Fans of Steve Buscemi will find it a treat to see the bug-eyed, buck-toothed actor playing a floppy-haired cad who makes a game of Paulette’s affections and enrages Dobie.

The drama centres around a power play. Lionel tells Paulette “I indulge in love and I indulge in my stuff and they feed off each other”. He unapologetically uses his angst-ridden and frustrated relationship with her as fuel for his messy and Pollock-inspired masterpieces. She uses him for free rent and, hopefully, lessons in art. She begs for his advice, mewling ‘Am I any good? Will I ever be any good?’ but she never picks up a paintbrush in the time this drama plays out. Paulette wallows in self-doubt while Lionel ploughs through it.

Lionel persists with equal vigour in both his quest for Paulette and his creative work. At one point Scorsese focuses on Nolte looking up at an object, a potent, unwavering gaze, filled with lust and a calm, formidable energy. We don’t know whether he’s looking at his artwork or his muse. 

In one of his ‘life lesson’ lectures, Lionel tells Paulette that he is a lion – a metaphor also suggested by his rough, greying beard and mane of silvering blonde hair. His behaviour echoes that of the savannah cat – capable of gentleness, or cunning and in equal turns fiercely territorial and utterly vicious. He holds his prey in his gaze and the future of the frolicking, long-legged Paulette is as unclear to the audience as it is to her.



Scorsese captures the panic and confusion of the young Paulette as she tries to make sense of her situation and Lionel's life lessons.

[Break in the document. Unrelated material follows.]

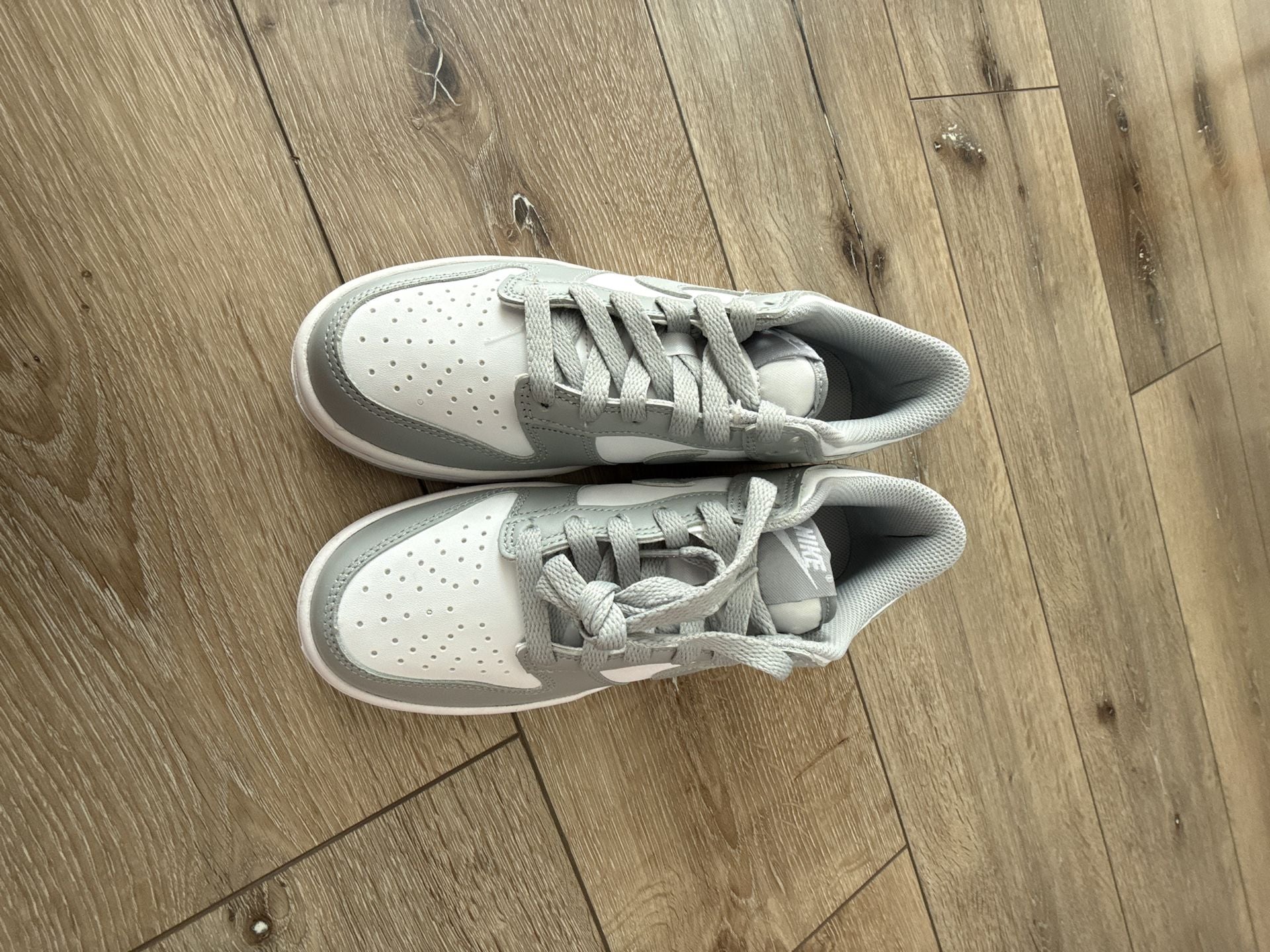 Nike Dunk Low Size 4.5Y Light Smoke Grey White 3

We feel empathy for her search for truth, but also frustration that she can’t see what the audience can.


The story is loosely based on Fyodor Dostoyevsky’s The Gambler. The femme fatales in both stories challenge their heroes to childish and potentially dangerous dares in order to prove their love. The Gambler story also extends into the plot of Life Lessons – both pieces follow a hero’s quest to secure the object of his affections. Both stories unfold amongst the upper class of society – the New York art scene no less depraved than the Russian aristocracy.

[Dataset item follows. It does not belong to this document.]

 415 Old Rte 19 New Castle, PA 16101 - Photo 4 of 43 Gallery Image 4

The influence of The Gambler in Life Lessons is not only evident in the driving themes of sex and compulsive gambling, but also in key scenes which serve to drive the narrative forward. Paulette dares Lionel to kiss a policeman, Dostoyevsky’s Polina asks Alexei to insult a baroness. The Russian protagonist fixates inappropriately on his lover’s foot, Lionel fetishises the gold-chained ankle of his modern-day muse – tilting the power balance even further out of his control. Screenwriter Richard Price drew inspiration not only from the 1972 translation of the original Dostoyevsky text, but also from the accompanying diary of Dostoyevsky’s lover, Polina Suslova that included a short story ‘The Stranger and her Lover’. It was this edition of the Russian classic that compelled Scorsese to interpret the friction between the lovers.

In signature Scorsese-style the music soundtrack is another character within the film. Bob Dylan’s ‘Like a Rolling Stone’ accompanies Dobie’s energetic painting sessions. Procol Harum’s ‘Whiter Shade of Pale’ opens, closes and plays at intervals in Life Lessons, while ‘Conquistador’ is the hidden narrator to pivotal scenes of sexual conquest and macho showdowns. The choice of songs by artists who were at their most popular in the year that Paulette was born places the ownership of the narrative unequivocally in Dobie’s court.

It’s not clear until the closing scene whether Lionel is the teacher or the student, but in telling his story Scorsese reminds the audience that the game of love and passion are always a gamble.